**Activity**. Omit all pictures. Reproduce exactly the lines from the first line of the records below through the line with "L ECG Electro".

**Supplied information**.

┄┄┄┄┄┄┄┄┄┄

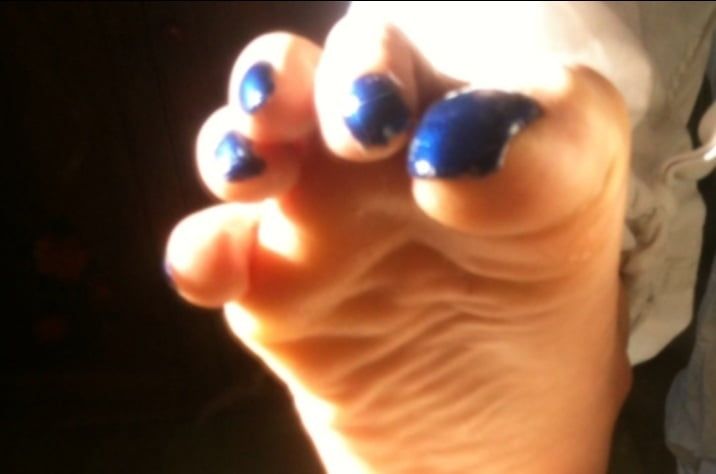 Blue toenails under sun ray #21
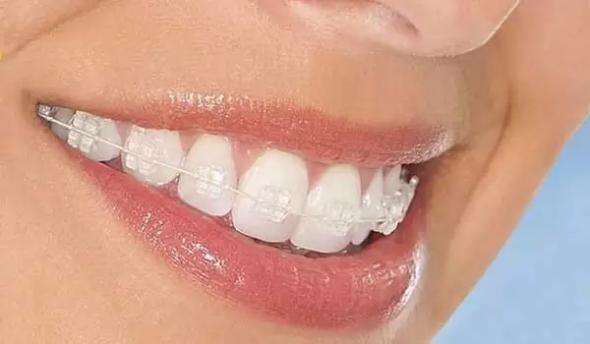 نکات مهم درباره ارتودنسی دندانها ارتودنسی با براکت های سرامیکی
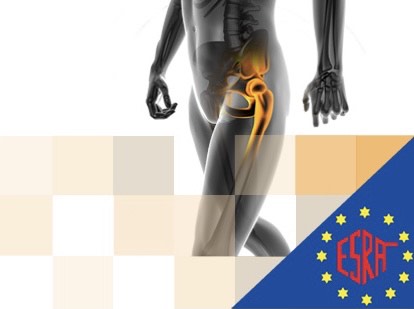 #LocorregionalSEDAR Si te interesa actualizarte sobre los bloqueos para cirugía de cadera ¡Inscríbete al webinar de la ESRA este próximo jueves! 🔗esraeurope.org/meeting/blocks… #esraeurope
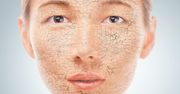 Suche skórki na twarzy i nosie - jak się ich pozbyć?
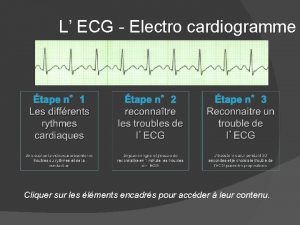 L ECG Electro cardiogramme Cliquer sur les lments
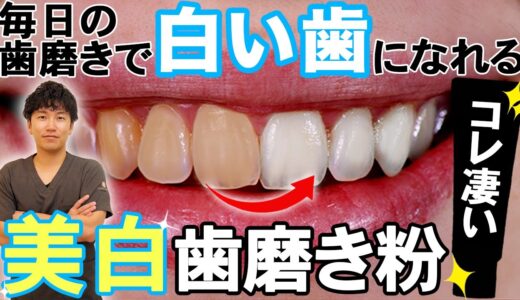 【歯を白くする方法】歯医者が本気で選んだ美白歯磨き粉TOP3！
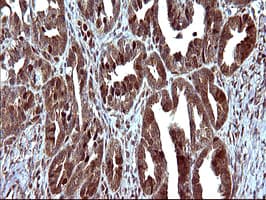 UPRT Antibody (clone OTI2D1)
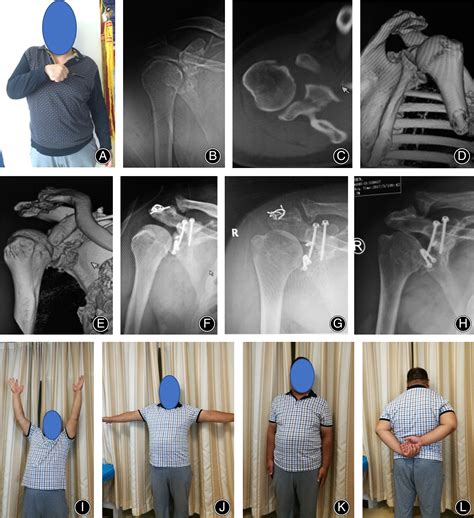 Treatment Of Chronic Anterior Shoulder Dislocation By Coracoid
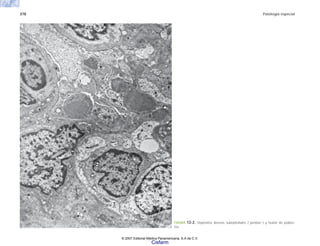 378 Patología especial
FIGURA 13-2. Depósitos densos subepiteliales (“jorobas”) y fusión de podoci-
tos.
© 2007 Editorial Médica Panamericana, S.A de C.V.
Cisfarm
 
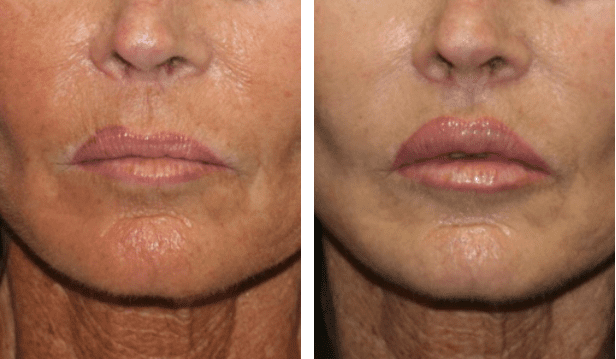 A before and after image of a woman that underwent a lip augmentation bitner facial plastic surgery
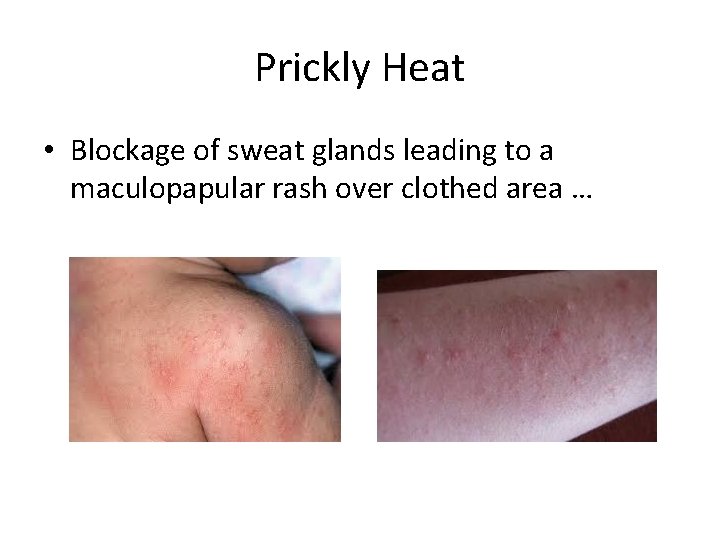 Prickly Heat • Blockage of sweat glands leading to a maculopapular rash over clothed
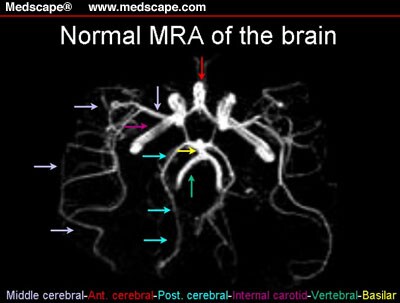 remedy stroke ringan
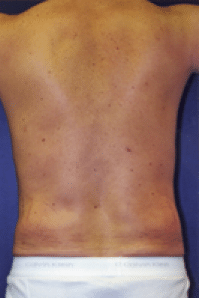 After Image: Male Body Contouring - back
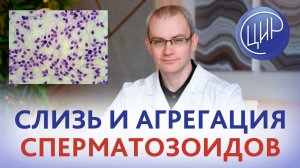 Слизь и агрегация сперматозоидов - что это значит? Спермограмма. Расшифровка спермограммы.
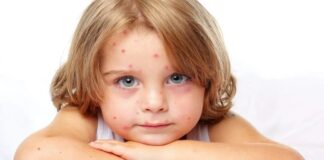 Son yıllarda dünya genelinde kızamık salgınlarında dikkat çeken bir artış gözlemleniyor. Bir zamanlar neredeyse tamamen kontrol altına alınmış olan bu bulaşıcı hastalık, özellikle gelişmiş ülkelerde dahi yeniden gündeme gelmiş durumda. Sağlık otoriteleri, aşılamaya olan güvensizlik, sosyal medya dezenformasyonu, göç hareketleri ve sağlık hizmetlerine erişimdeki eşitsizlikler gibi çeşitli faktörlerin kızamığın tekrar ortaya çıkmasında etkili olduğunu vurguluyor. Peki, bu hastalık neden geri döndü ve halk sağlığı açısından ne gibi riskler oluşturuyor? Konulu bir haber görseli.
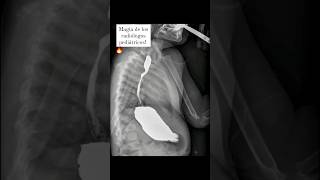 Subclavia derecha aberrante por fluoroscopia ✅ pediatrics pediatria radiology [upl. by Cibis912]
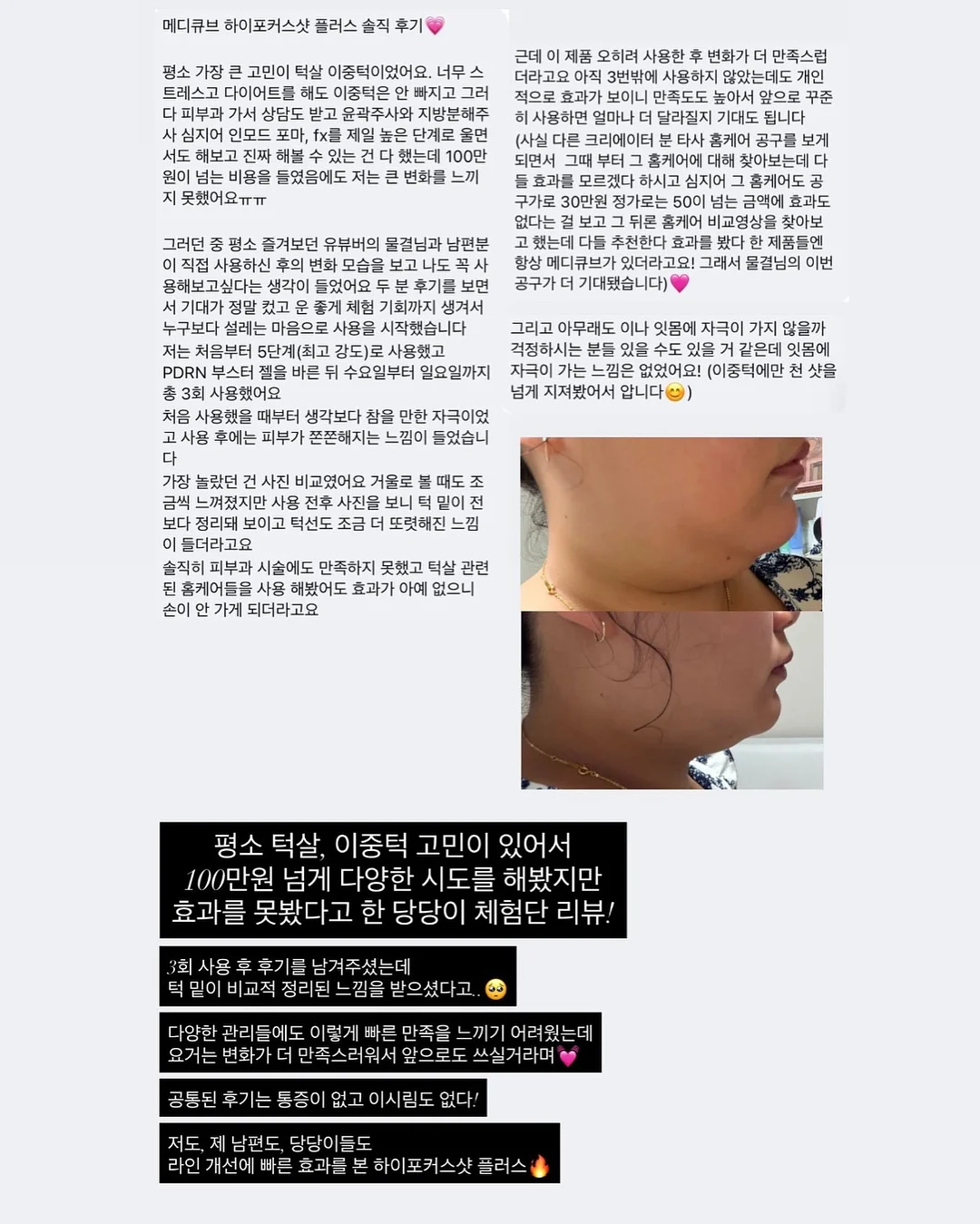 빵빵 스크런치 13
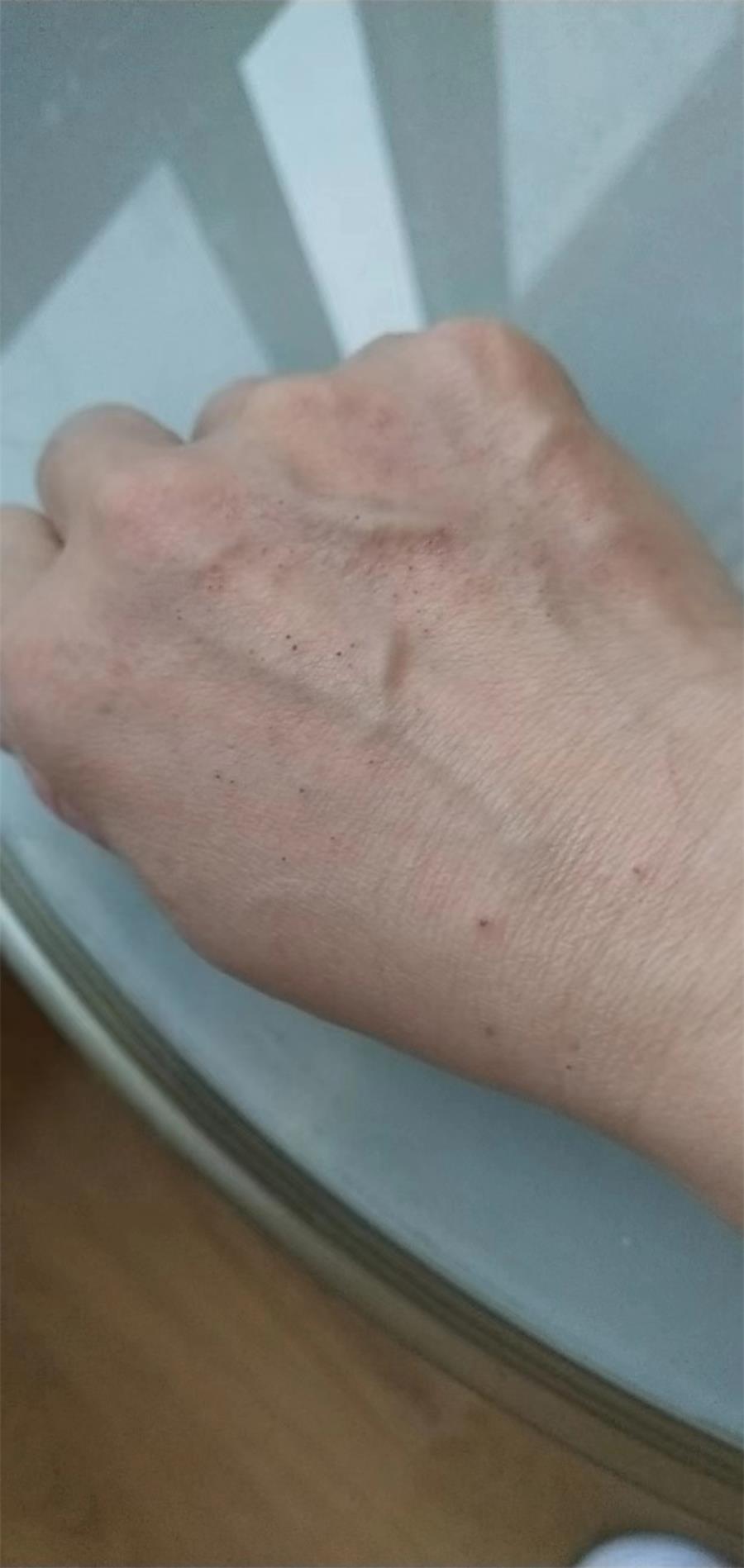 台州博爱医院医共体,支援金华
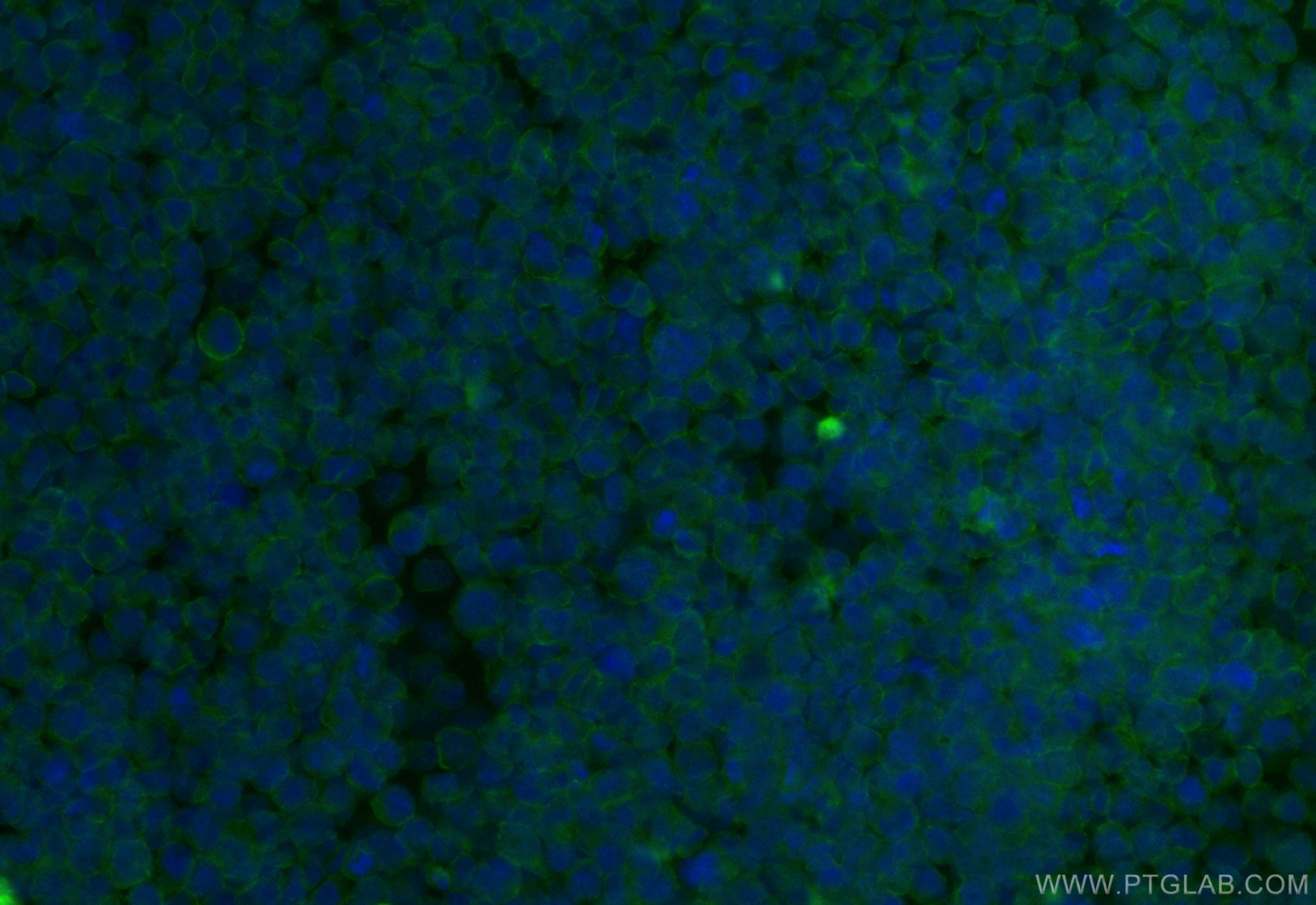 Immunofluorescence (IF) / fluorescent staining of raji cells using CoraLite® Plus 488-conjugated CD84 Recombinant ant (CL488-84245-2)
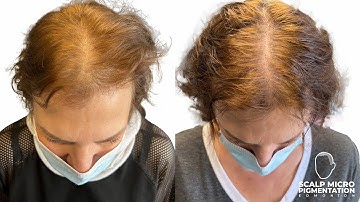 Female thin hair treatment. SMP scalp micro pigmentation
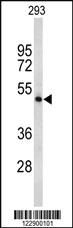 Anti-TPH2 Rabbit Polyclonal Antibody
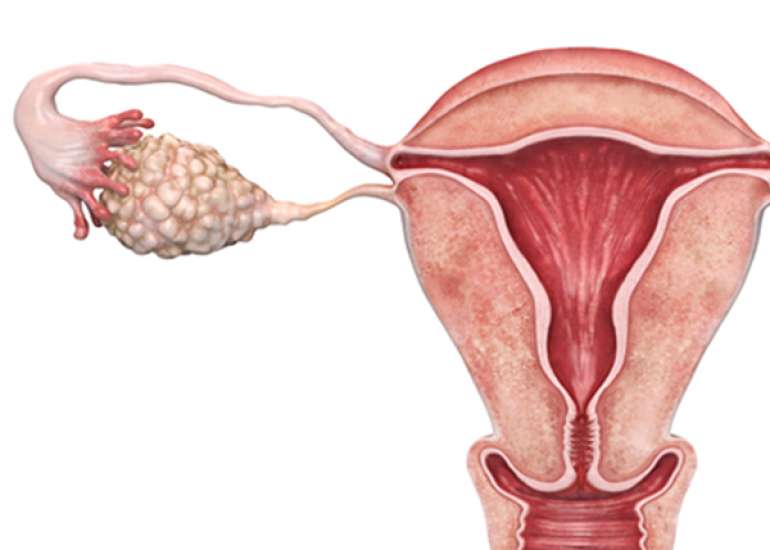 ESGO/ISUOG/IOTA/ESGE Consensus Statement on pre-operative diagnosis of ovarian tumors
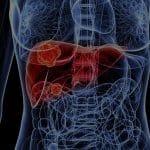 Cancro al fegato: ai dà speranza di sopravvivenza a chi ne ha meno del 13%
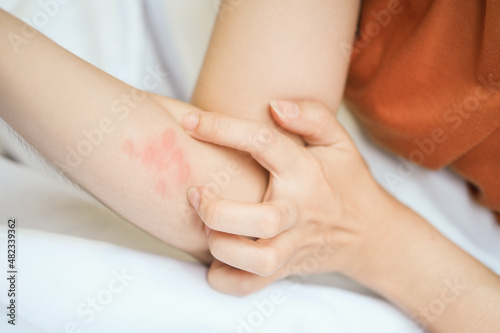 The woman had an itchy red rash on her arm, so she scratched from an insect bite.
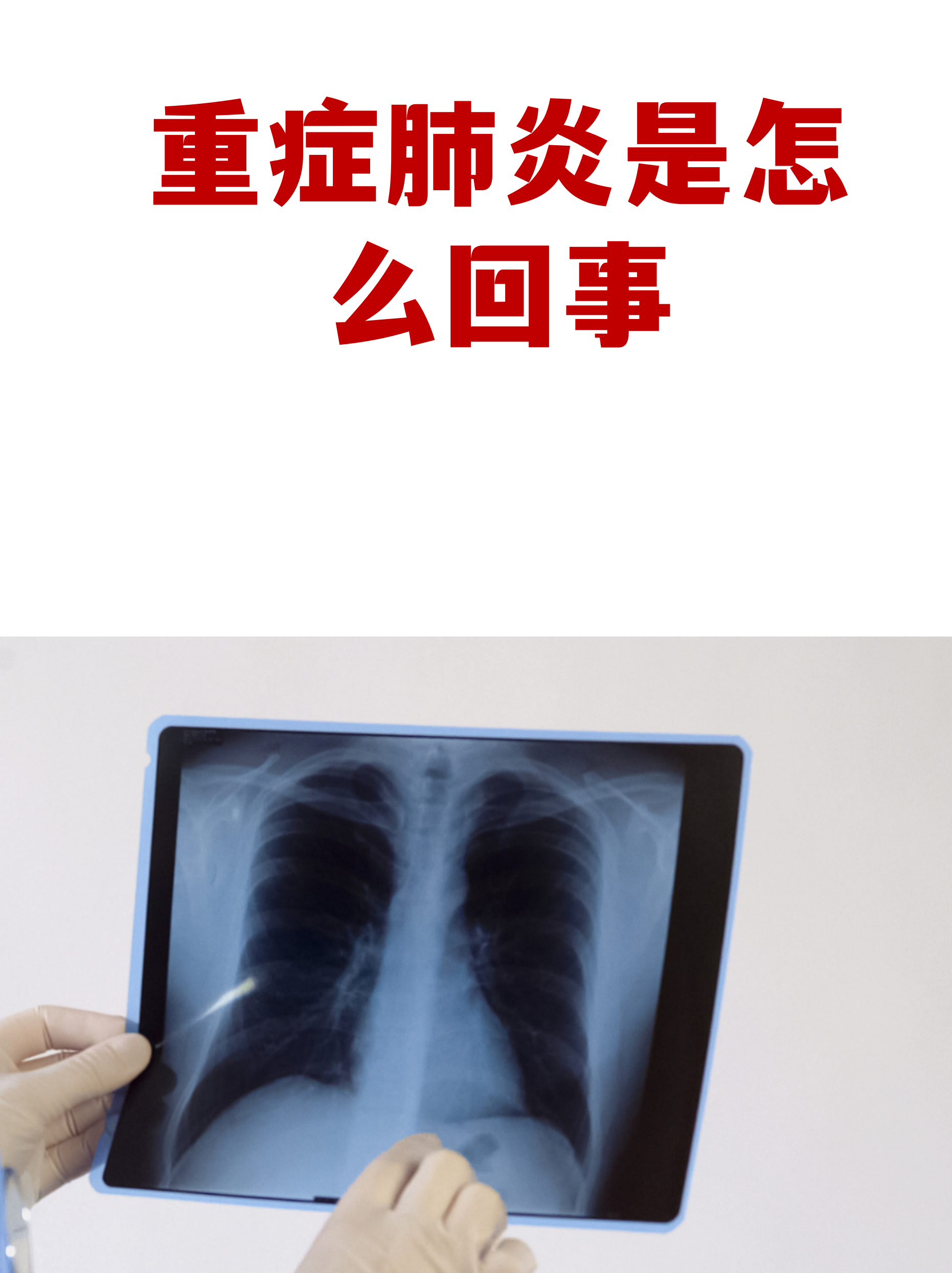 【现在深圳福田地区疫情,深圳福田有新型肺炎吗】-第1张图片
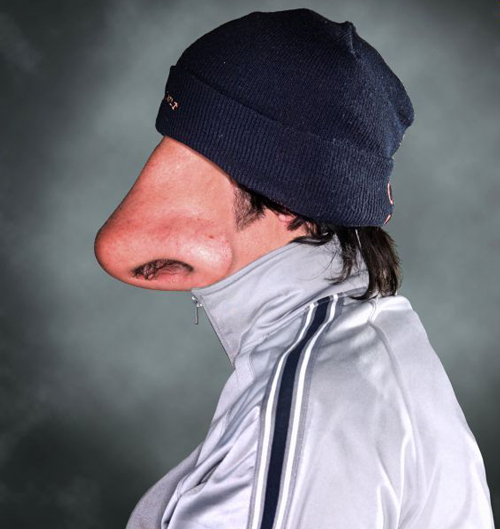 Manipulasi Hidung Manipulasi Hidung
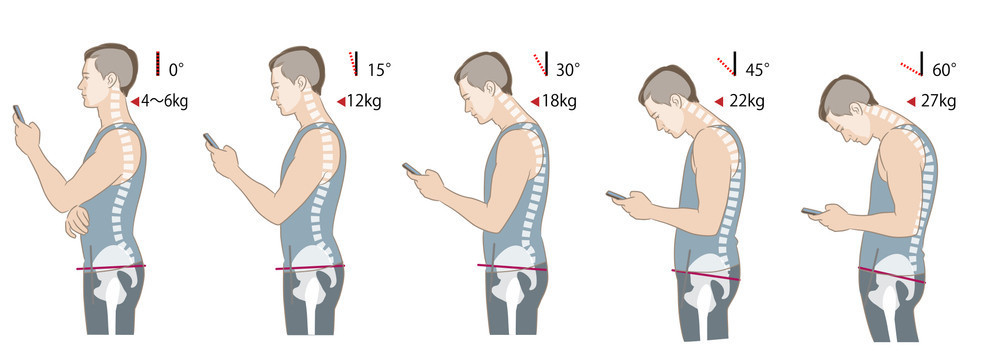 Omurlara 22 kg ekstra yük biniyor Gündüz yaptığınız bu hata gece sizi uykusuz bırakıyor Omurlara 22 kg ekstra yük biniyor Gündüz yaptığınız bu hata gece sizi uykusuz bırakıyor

┄┄┄┄┄┄┄┄┄┄

**Problem solution**.
 Blue toenails under sun ray #21
 نکات مهم درباره ارتودنسی دندانها ارتودنسی با براکت های سرامیکی
 #LocorregionalSEDAR Si te interesa actualizarte sobre los bloqueos para cirugía de cadera ¡Inscríbete al webinar de la ESRA este próximo jueves! 🔗esraeurope.org/meeting/blocks… #esraeurope
 Suche skórki na twarzy i nosie - jak się ich pozbyć?
 L ECG Electro cardiogramme Cliquer sur les lments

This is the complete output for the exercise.